ACTION ITEM:
Return exactly the lines below, starting with the one that has "Karl Lagerfeld Black Lace Up Sneakers" and going on through the one that has "Přístrojová deska Mercedes-Benz".

RECORDS:
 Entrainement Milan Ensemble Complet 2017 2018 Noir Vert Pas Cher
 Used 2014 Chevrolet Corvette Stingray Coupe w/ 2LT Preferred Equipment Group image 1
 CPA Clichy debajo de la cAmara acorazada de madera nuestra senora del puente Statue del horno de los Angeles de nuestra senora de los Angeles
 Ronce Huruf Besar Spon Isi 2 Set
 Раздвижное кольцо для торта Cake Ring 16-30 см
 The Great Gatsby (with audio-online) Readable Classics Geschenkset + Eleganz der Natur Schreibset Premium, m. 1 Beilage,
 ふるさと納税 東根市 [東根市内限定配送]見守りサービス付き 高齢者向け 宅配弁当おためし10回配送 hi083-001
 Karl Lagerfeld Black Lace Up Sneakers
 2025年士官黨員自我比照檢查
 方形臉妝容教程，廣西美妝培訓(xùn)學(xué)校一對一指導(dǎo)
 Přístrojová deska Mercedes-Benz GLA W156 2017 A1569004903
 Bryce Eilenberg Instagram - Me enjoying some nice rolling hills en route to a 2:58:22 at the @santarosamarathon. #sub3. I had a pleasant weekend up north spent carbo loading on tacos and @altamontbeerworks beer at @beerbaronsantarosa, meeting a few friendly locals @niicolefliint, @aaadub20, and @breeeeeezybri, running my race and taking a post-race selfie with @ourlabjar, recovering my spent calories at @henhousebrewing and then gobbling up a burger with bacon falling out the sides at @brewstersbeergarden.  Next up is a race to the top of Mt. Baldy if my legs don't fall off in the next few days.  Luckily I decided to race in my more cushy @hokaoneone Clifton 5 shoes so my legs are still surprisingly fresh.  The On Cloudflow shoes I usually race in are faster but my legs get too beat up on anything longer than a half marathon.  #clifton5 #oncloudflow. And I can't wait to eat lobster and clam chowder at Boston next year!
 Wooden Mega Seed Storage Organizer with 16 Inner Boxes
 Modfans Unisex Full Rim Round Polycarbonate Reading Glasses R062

ANSWER FOR THE TASK:
 Karl Lagerfeld Black Lace Up Sneakers
 2025年士官黨員自我比照檢查
 方形臉妝容教程，廣西美妝培訓(xùn)學(xué)校一對一指導(dǎo)
 Přístrojová deska Mercedes-Benz GLA W156 2017 A1569004903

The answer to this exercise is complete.